*Task requirements*. Look below for the line containing "Denyse Plummer - Victory - 1990". Write out that line and the rest through the last one, exactly as they appear, but without pictures.

[Data records]
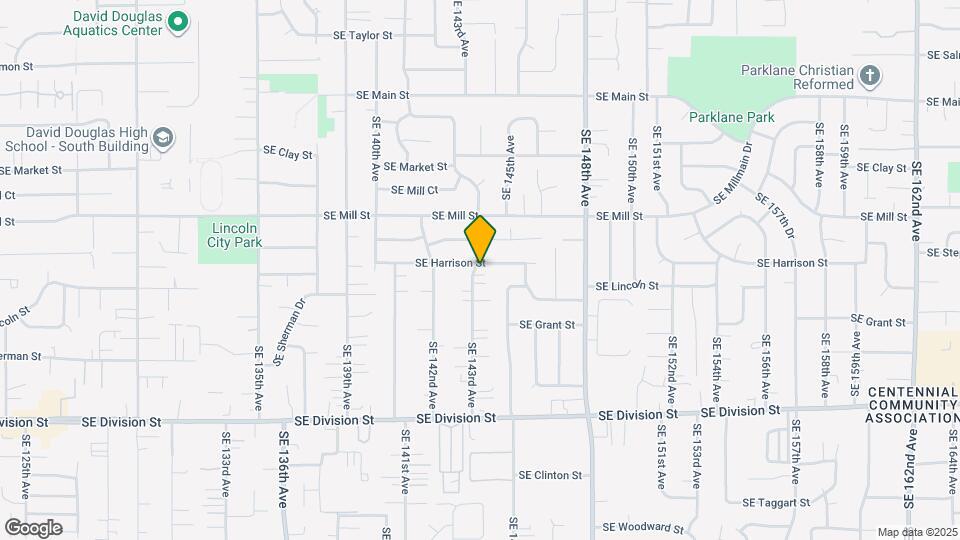 2004 SE 143rd Ave Map and Location Details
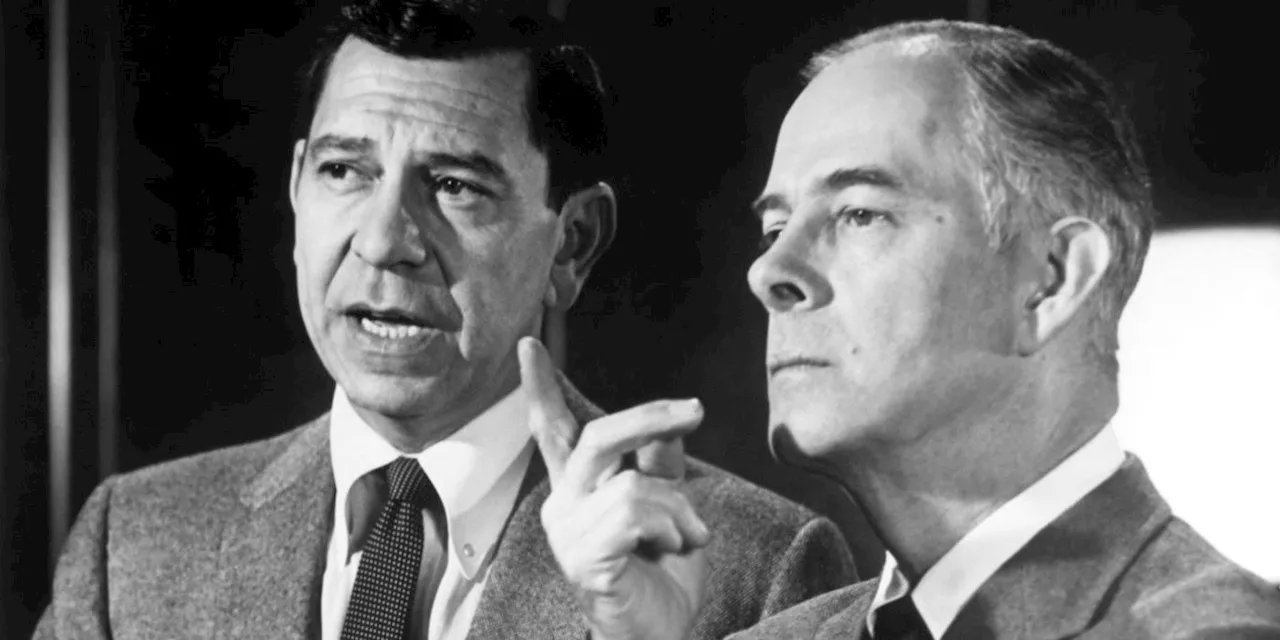 Dragnet: The First TV Show to Become a Movie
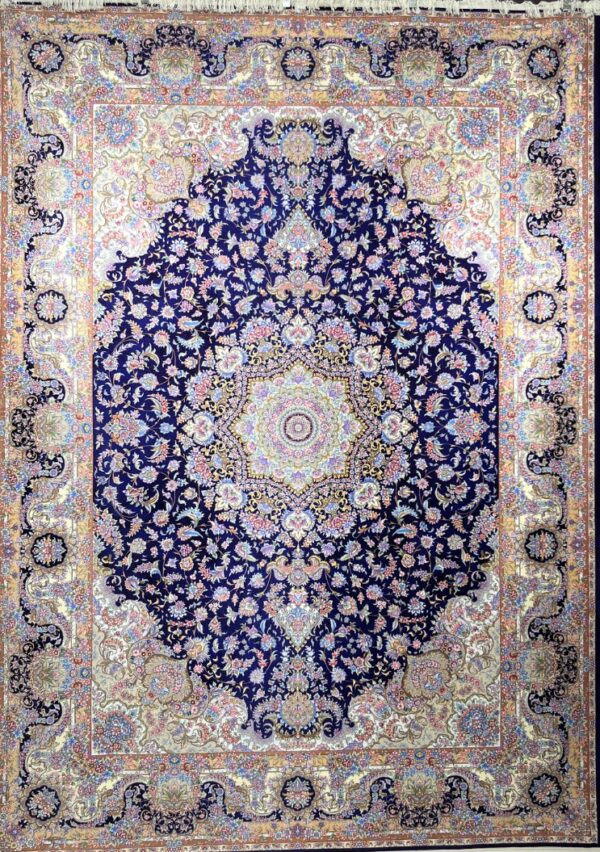 فرش سنتی کد 202 _ 1500 شانه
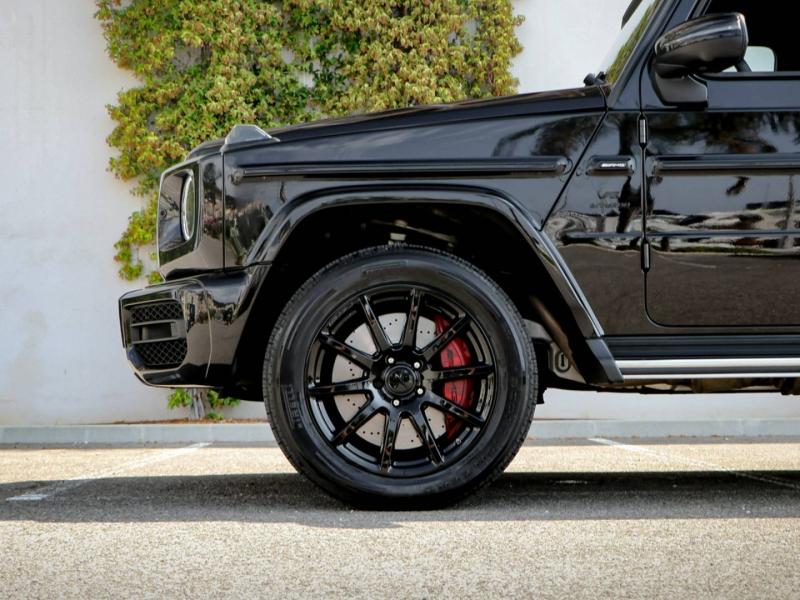 Image MERCEDES-BENZ Classe G 63 AMG 585ch Speedshift TCT ISC-FCM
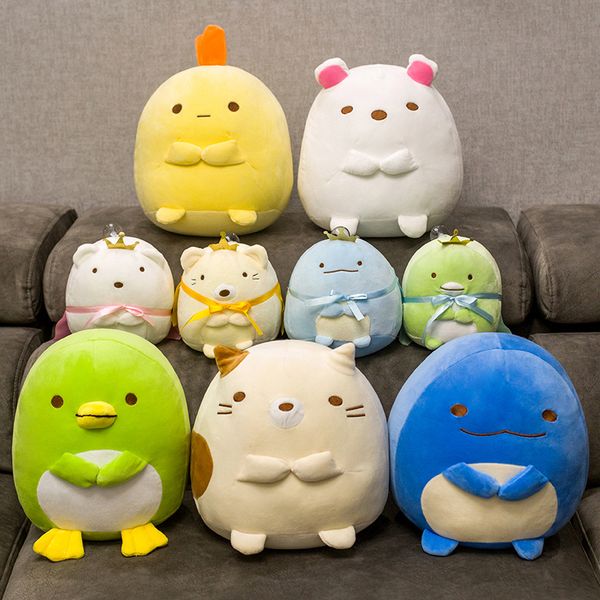 30cm cute plush animals sumikko gurashi stuffed toys san-x corner pillow cartoon plush bear cat penguin gifts toys for kids girl
30cm cute plush animals sumikko gurashi stuffed toys san-x corner pillow cartoon plush bear cat penguin gifts toys for kids girl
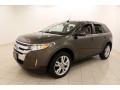2011 Earth Metallic Ford Edge Limited  photo #3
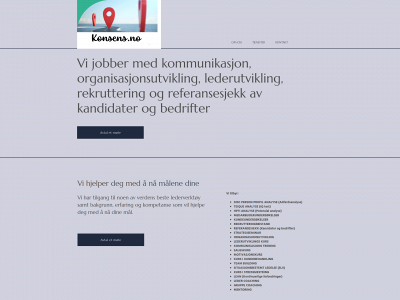 konsens.no snapshot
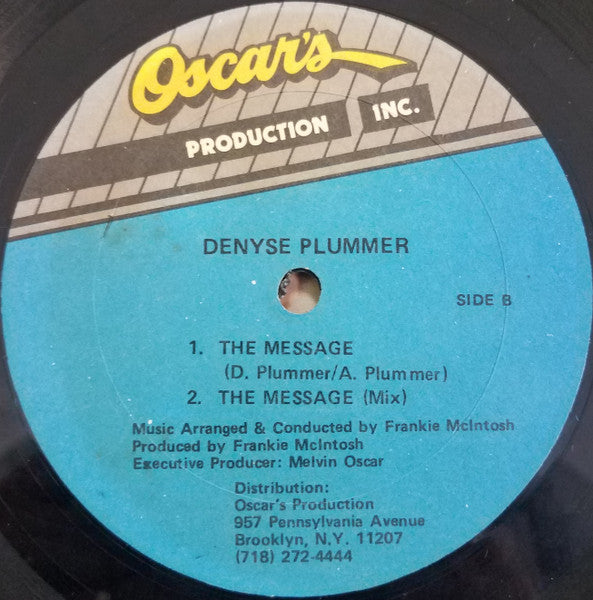 Denyse Plummer - Victory - 1990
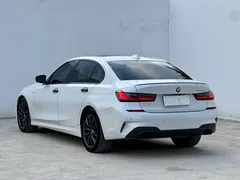 2021 BMW 3 Series 325Li M Sport Night Package, белый — фото 5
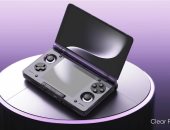 Ayn تكشف عن جهاز ألعاب ثنائى الشاشة مستوحى من Nintendo DS باللون البنفسجى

*Answer box*.
 Denyse Plummer - Victory - 1990
 2021 BMW 3 Series 325Li M Sport Night Package, белый — фото 5
 Ayn تكشف عن جهاز ألعاب ثنائى الشاشة مستوحى من Nintendo DS باللون البنفسجى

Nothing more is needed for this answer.